Not too long ago, in my quest to secure more donated items for Habitat’s two ReStores, I created a press release asking the community to donate items such as furniture and other household items. As I came close to finishing it, I remembered what one former employee had told me several years ago about an item that never stayed on the shelves. She said, “Helen, we can’t keep ‘Precious Moments’ figurines in stock. When they are donated, they sell immediately!” Though that was told to me six years ago, I decided to include “Precious Moments” on my list of desired items.
My press release was picked up by the local paper the next day, and by the time I arrived at work, the phones had begun to ring. I was thrilled!

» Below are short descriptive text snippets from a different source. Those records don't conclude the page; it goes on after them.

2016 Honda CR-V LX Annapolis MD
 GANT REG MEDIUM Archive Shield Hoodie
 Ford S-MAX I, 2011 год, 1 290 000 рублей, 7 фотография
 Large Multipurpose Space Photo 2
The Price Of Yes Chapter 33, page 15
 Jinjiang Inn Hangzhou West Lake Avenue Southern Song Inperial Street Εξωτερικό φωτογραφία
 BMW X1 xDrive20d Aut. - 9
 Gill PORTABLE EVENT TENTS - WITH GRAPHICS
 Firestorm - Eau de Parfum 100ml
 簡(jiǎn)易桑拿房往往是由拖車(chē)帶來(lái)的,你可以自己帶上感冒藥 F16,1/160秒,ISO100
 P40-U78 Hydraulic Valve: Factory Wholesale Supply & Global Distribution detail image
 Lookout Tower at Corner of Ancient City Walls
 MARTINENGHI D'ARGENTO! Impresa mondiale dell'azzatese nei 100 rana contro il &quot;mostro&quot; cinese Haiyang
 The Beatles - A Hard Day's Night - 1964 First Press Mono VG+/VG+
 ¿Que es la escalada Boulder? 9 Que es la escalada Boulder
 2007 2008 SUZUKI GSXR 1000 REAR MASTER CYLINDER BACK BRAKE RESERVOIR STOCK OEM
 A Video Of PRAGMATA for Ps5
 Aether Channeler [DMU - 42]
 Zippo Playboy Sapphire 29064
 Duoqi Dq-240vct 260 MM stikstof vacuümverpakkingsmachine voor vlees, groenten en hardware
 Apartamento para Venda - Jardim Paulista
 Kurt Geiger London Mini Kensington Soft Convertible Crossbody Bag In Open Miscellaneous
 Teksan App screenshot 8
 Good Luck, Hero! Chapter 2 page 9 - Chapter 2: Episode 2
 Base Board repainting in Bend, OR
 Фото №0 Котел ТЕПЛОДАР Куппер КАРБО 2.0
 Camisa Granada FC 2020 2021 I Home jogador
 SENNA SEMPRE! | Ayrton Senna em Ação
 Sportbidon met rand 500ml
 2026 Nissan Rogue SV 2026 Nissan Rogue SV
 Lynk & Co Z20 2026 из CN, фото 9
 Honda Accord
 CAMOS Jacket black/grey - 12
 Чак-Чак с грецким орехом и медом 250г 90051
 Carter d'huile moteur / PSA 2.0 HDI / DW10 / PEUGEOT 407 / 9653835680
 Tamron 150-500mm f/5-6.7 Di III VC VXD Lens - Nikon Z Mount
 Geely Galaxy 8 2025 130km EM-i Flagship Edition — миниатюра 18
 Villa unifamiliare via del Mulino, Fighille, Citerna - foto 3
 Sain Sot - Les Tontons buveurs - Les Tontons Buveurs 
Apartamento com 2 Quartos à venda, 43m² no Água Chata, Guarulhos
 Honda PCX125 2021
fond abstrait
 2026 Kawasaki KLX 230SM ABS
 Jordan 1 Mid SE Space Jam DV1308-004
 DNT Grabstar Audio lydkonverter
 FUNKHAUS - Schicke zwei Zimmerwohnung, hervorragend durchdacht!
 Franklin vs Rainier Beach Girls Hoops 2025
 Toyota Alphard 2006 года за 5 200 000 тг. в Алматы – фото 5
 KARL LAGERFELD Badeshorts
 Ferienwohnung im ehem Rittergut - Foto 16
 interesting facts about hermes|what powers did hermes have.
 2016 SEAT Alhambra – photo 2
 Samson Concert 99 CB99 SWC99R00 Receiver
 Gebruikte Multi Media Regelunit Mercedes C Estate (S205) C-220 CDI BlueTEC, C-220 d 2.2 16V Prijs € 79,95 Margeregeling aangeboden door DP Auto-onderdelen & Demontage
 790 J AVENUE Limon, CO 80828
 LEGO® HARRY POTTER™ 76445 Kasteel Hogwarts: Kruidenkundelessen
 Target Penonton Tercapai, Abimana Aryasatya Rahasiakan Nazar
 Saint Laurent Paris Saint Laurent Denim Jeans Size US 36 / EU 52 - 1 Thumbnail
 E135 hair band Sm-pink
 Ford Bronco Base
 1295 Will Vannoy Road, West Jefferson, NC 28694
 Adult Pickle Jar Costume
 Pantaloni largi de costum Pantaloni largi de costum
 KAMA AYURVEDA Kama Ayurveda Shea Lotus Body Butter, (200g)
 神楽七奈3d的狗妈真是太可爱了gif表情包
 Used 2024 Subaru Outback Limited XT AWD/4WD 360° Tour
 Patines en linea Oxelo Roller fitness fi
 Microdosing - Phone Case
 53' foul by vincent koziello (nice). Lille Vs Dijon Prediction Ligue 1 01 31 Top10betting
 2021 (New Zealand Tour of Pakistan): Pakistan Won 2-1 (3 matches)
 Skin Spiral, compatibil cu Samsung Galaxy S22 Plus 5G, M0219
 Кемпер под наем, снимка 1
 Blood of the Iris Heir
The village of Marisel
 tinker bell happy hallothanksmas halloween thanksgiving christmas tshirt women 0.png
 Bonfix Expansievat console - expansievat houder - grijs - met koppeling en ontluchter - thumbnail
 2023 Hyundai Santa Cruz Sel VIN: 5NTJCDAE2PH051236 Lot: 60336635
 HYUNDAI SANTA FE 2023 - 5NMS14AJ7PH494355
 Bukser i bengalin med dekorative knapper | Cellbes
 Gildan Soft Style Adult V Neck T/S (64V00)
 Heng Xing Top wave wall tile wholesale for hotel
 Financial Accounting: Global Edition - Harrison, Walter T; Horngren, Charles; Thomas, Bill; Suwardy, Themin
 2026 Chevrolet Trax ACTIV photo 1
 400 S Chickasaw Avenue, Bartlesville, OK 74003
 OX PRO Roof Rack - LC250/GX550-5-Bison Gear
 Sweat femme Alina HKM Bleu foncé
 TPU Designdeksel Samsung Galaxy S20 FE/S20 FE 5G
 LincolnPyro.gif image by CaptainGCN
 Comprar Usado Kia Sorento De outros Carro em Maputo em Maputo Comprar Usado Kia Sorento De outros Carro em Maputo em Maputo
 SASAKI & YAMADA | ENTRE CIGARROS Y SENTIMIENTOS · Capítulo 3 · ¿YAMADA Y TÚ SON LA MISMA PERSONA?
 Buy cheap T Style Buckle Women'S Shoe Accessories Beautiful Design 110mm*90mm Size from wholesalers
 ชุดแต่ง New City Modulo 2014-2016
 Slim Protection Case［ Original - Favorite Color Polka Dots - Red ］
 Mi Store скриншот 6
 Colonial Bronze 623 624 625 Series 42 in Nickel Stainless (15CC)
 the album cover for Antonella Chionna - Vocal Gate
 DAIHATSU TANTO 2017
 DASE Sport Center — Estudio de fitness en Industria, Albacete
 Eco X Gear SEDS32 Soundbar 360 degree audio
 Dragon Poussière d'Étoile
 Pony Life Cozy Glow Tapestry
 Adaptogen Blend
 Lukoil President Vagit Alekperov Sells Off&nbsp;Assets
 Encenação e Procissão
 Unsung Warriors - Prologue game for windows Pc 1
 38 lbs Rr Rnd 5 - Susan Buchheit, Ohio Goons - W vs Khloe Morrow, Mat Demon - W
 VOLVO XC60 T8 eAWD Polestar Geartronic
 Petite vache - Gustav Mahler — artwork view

Generally, the months following the holidays are slow in terms of furniture donations. The bulk of the calls don’t happen until close to Easter when people decide to “spring clean.” So the slew of calls we received, made me very happy indeed.
However, I knew something wasn’t quite right when my leadership team lined up outside of my office that morning with devilish laughter in their eyes. They informed me that many of the calls that were coming in were from people who were looking to donate their “Precious Moments.”
I was confused. I said, “That’s great!” And then they said, “Helen, while some people do buy ‘Precious Moments,’ – there are many other hot items out there. What made you identify them?”
After telling them my story, they understood. But they were not going to let me off the hook easily. I started to receive “Precious Moments” photos on my phone. Text after text, complete with photos, came my way.
A few of the little gems showed up on my desk and in the front lobby. And then, comically, I began to receive texts of “UnPrecious Moments” – spoofs on good deeds.
Week after week, we have laughed over these cute little figurines and even in our tensest times, we find ourselves finding humor and fun in my press release.
In the end, the donations, overall, came through. Many couches, tables, lamps, mirrors, construction items, building supplies and other practical items were dropped off by kind men and women or picked up by the Habitat staff from generous donors.
And customers, by the droves, came to the ReStores and bought these items – thereby raising dollars for Habitat’s mission of building community, homes, and hope.
Clearly the press release was effective and the community responded. However, I have a feeling that the “Precious Moments” debacle will not be over soon. My birthday is coming up in May, and I can already see a cute little figurine in my future.